Quando a batata ainda é um tubérculo sob a terra, o amido é onde se armazena o açúcar que a faz crescer, enquanto não tem as folhas para fazer fotossíntese. A proteína da clara e da gema também tem a função de nutrir o futuro pintinho, que pode ou não se desenvolver dentro do ovo.
“É preciso perceber para que lado nossa natureza está se dirigindo e, se for o caso, corrigir a rota”
Assim como não podemos afirmar de maneira absoluta qual alimento é melhor, se a batata ou o ovo, tampouco cabe dizer qual é a forma mais adequada de reagir diante de uma mesma situação. Não escolhemos se somos feitos de amido ou proteína, mas, como humanos, seres inteligentes e dotados de raciocínio, podemos ter consciência dos limites de nossa substância, aquilo que nos compõe e nos mantém vivos. Em alguns momentos, a temperatura da água indicará se seria melhor amolecer e se deixar levar, abrindo-se, ou endurecer sob a camada mais externa, que entra em contato com o entorno.
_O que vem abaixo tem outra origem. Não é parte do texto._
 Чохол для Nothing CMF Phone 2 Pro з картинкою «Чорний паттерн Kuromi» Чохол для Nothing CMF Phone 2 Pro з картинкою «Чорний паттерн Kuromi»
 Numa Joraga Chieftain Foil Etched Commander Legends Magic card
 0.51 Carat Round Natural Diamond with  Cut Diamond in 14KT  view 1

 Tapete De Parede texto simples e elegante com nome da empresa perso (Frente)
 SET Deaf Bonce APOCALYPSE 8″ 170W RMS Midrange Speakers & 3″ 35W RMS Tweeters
Há quem louve a batata do dito como símbolo de facilidade de adaptação. Ela se torna maleável, modificando-se mais e mais em resposta ao calor, mas mantendo seu sabor suave e identificável. Já outros poderiam dizer que quem, como ela, amolece demais pode acabar esmagado, feito um purê.
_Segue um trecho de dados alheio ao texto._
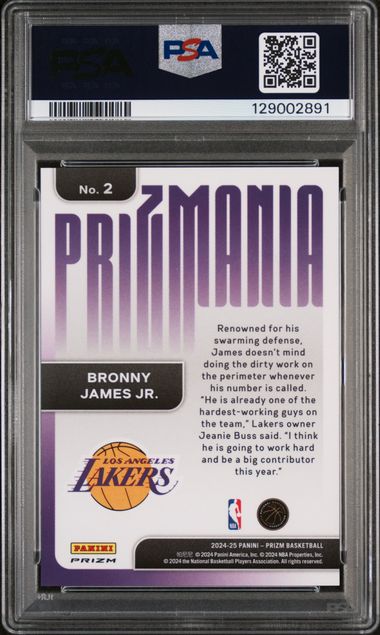Bronny James Jr. 2024 Prizm Prizmania SSP RC PSA 10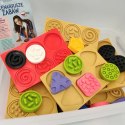 Sensoryczna tęcza - zestaw puzzli sensorycznych - dotyk, kształt - 45 el. 1+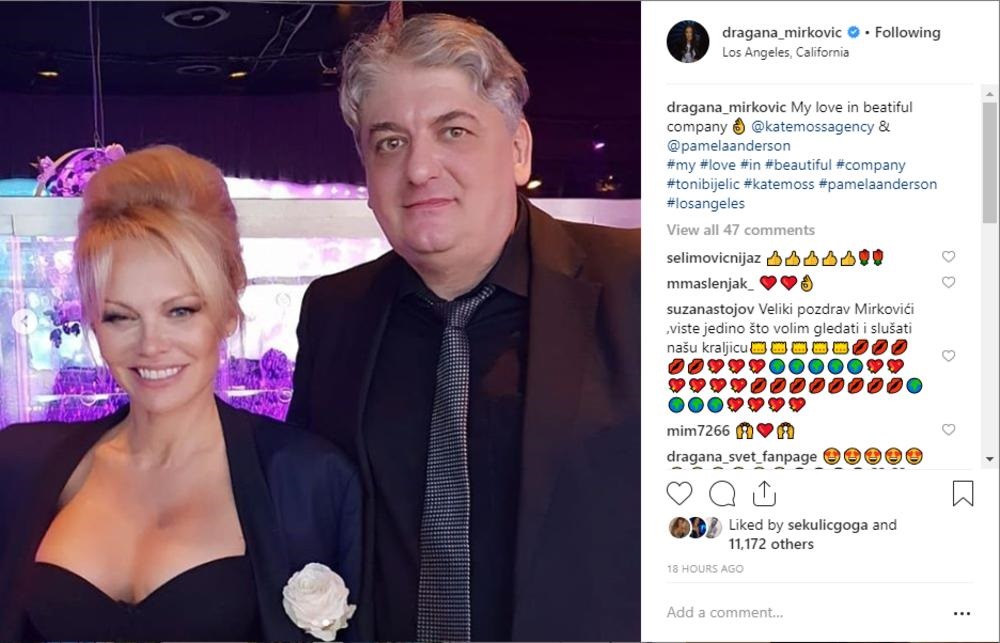 Toni, suprug Dragane Mirković, se našao u zagrljaju poznate holivudske zvezde i super modela, dok se Dragana družila sa Žan Klod van Damom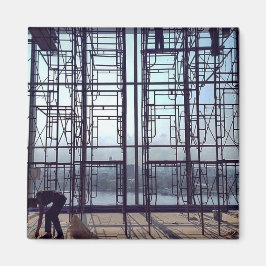 Imán Escaffolding en el vestíbulo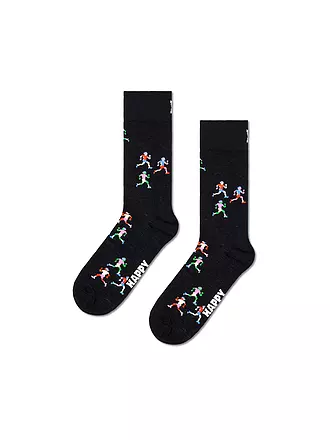 HAPPY SOCKS | Damen Socken RUNNERS SOCK  36-40 black |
Quanto ao ovo, se de um lado é possível defender que, no adágio popular, ele significa a rigidez e a inflexibilidade, de outro se poderia afirmar que, sob a casca, o ovo cru é amorfo, mas, aquecido, se torna mais consistente e define mais sua forma; tem sua “personalidade” moldada pelas condições a que é submetido.
Tenho certeza de que qualquer um que se submeta à mudança sentirá que sua resposta pode variar, segundo o momento. Alguém que, por questões de saúde, tem de se privar de algum hábito, como fumar ou comer açúcar, pode ter inicialmente a reação da batata e se desfazer, perder a forma, diante do enorme desafio de mudar costumes muito arraigados. Ou pode adotar a postura de se manter firme, mesmo que a sua porção mais externa rache ao calor, como o ovo.
Em minha jornada, consigo assinalar momentos em que fui ovo ou batata. Às vezes, é preciso perceber para que lado nossa natureza está se dirigindo e, se for o caso, corrigir a rota. De uma forma ou de outra, estamos expostos a fatos que, em muitas ocasiões, não podemos controlar. O mais importante, então, é saber abraçar a mudança, deixar-se envolver pela água e sentir seu calor, tendo a sabedoria de se deixar moldar da maneira que vá resultar, ao final da metamorfose, na melhor forma possível de se apresentar ao mundo.